Contes populaires d’Afrique (Basset)/73

E. Guilmoto, Éditeur (Les Littératures populaires, tome XLVIIp. 182-183).
XXXIII. — OUOLOF[1].

73

LA HYÈNE, LE BŒUF ET L’ÉLÉPHANT[2]


Une hyène, courant toutes les nuits pour chercher sa nourriture, tomba dans un grand trou ; elle avait beau grimper pour sortir ; c’était peine inutile. Lorsque le jour fut venu, on l’entendit hurler de loin. Un bœuf, touché de compassion, s’approcha de l’abîme et reconnut l’infortunée. Son cœur fut ému, mais il n’osait lui porter secours. La hyène le pria, au nom de Dieu, de la délivrer du danger, en lui offrant le bout de sa queue pour qu’elle pût s’y accrocher. Le bœuf lui répondit qu’il regrettait de ne pouvoir lui rendre ce service, parce qu’aussitôt qu’elle serait sortie du trou, elle pourrait le dévorer. La hyène jura qu’elle ne le trahirait jamais. Le bœuf, se fiant à ses promesses, lui présenta le bout de sa queue, mais, à peine la hyène fut-elle hors de danger, qu’elle se jeta sur le bœuf pour le tuer. Heureusement pour ce dernier, un éléphant vint à passer et, entendant une dispute très animée, il s’approcha et résolut d’y mettre de l’ordre.

— Je vais, dit-il, vous rendre justice : arrêtez-vous un instant, que j’examine la question pour savoir qui a raison de vous deux.

Après les avoir entendus, l’un et l’autre, il leur dit :

— Cette affaire est difficile à vider ; il est nécessaire avant tout que chacun retourne où il était, et je jugerai.

Aussitôt il ordonna à la hyène de retourner dans le trou, ce qui fut fait.

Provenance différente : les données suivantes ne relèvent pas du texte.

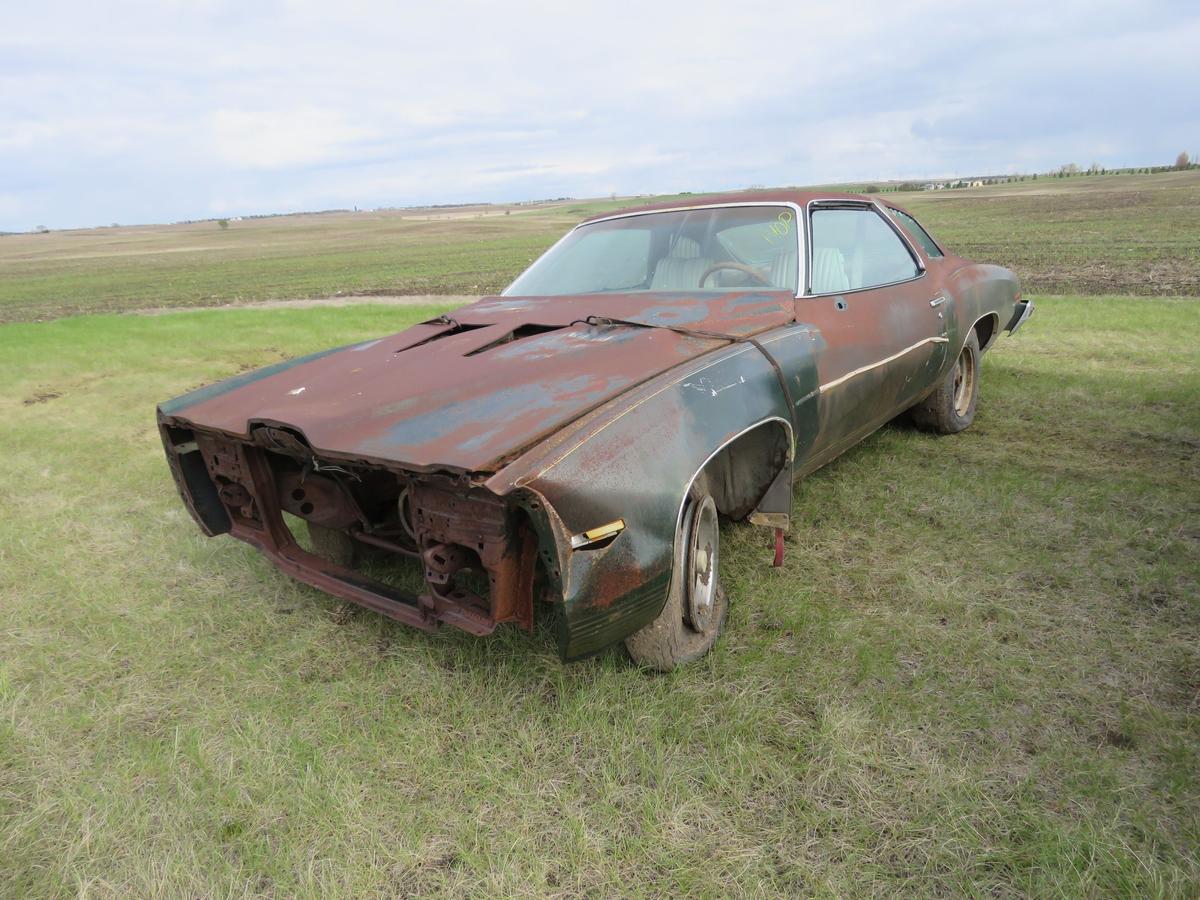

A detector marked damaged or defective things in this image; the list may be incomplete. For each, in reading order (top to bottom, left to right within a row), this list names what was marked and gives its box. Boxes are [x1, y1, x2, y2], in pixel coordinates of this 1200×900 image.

damaged hood [159, 292, 796, 474]
rusty car body [162, 190, 1032, 668]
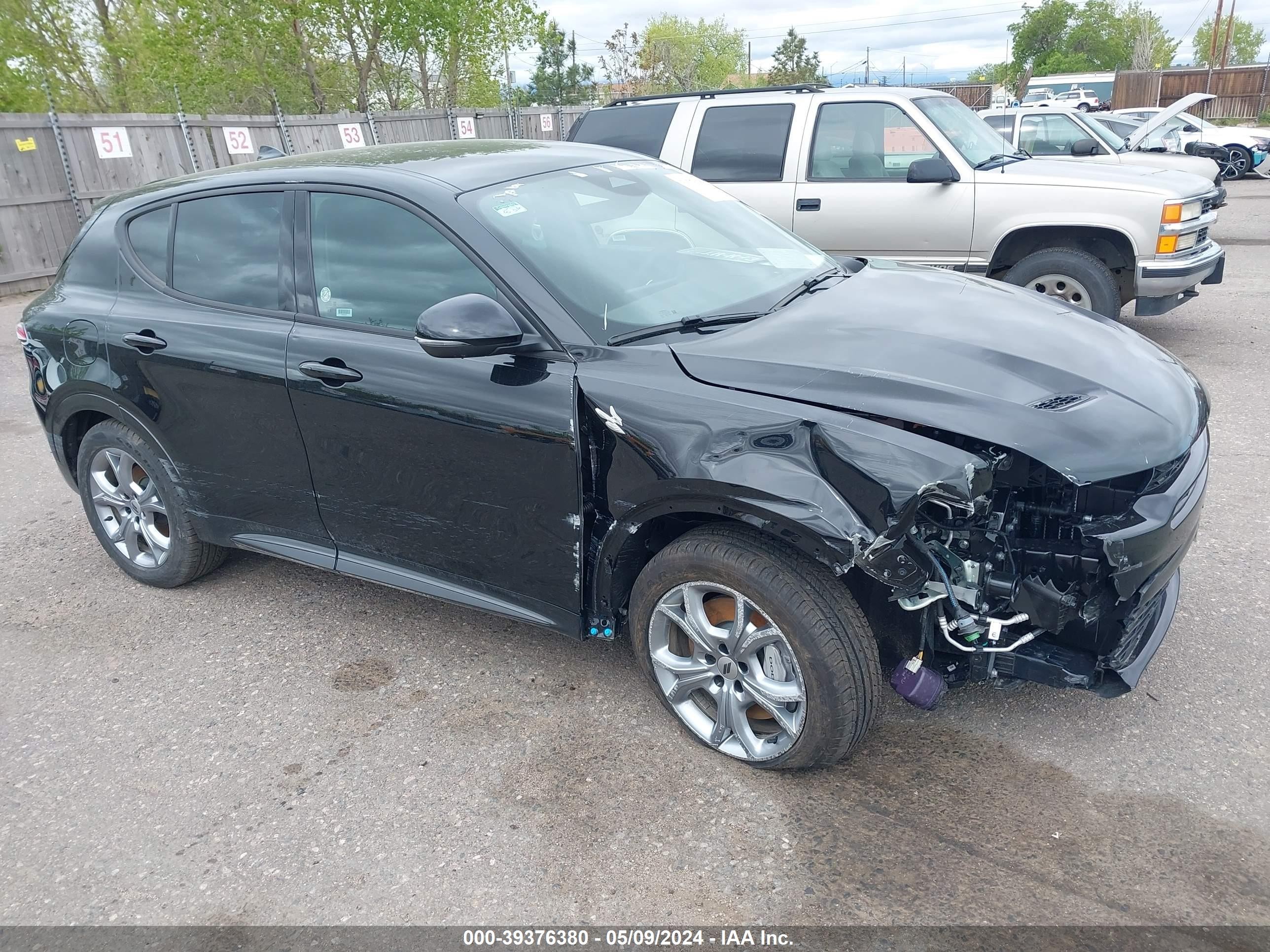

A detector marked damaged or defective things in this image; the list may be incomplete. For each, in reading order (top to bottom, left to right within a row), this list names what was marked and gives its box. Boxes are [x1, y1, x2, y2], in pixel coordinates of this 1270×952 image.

black damaged suv [22, 139, 1209, 766]
crumpled front hood [670, 261, 1204, 485]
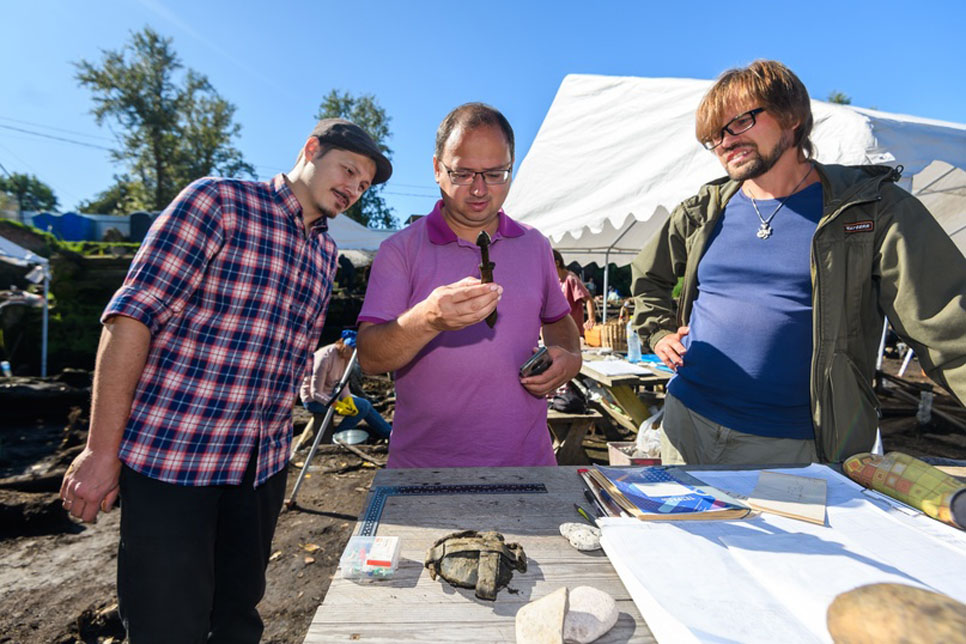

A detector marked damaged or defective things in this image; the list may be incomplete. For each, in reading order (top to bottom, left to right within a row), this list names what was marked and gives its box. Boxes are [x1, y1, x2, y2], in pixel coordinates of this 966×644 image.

corroded metal object [476, 230, 500, 330]
corroded metal object [426, 532, 528, 600]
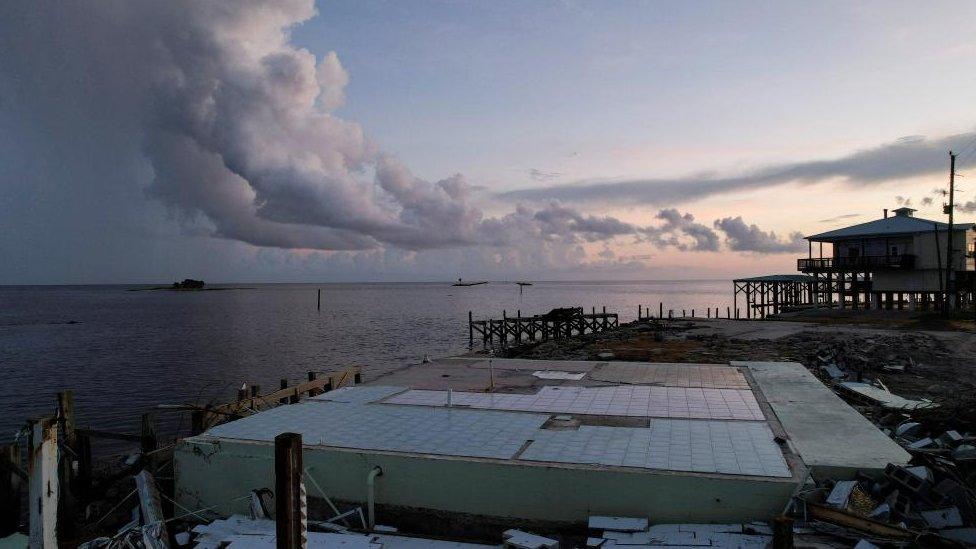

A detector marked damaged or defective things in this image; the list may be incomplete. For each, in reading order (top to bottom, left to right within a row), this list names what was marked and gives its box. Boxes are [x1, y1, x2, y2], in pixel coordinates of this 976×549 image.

broken concrete block [924, 508, 960, 528]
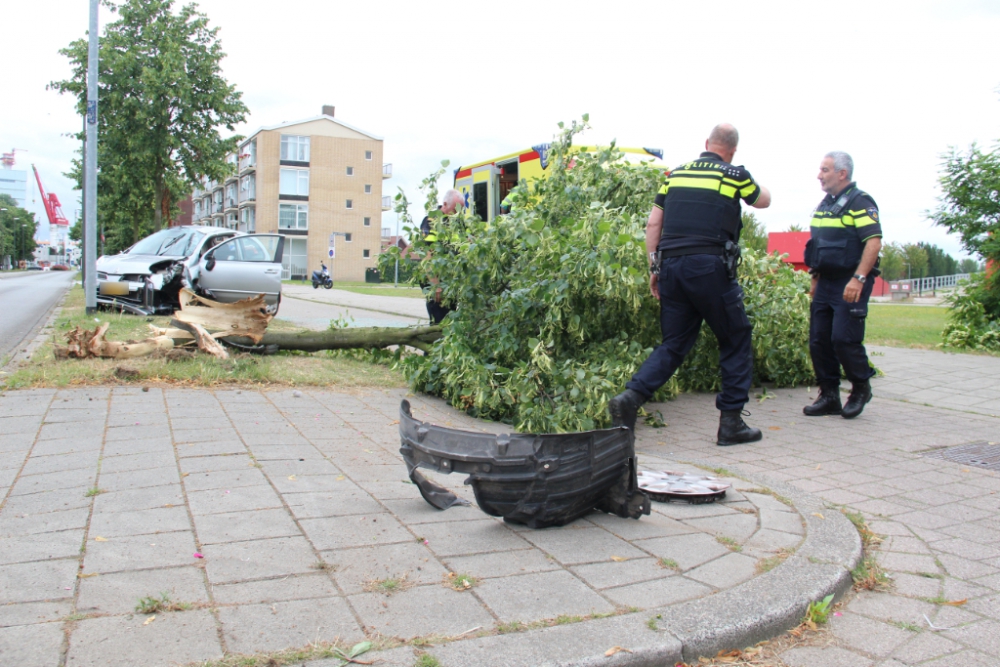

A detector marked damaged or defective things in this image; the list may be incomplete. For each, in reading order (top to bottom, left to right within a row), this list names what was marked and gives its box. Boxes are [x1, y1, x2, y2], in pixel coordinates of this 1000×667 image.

damaged silver car [95, 227, 286, 316]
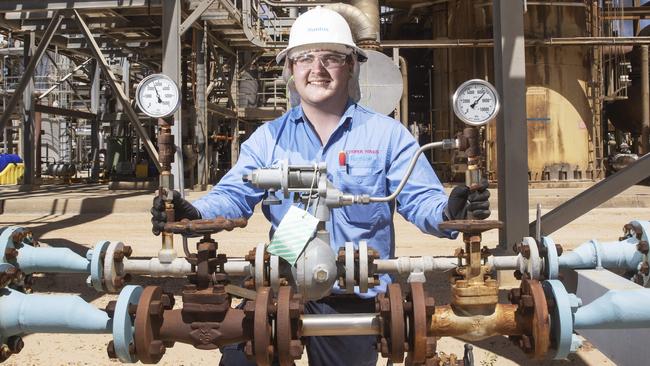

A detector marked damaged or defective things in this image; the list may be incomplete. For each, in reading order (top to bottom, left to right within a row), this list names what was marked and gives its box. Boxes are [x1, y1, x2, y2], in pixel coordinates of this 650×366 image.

Le bœuf, débarrassé, continua sa route et la hyène fut forcée de périr dans l’abîme.

La morale de cette fable est que l’ingratitude est un crime horrible et qu’un juste châtiment l’atteindra tôt ou tard.



  1. Les Ouolofs habitent tout le bas Sénégal, Saint-Louis et la région au sud jusque Dakar.
  2. Boilat, Grammaire de la langue woloffe, Paris, imp. imp., 1858, in-8, p. 397-399.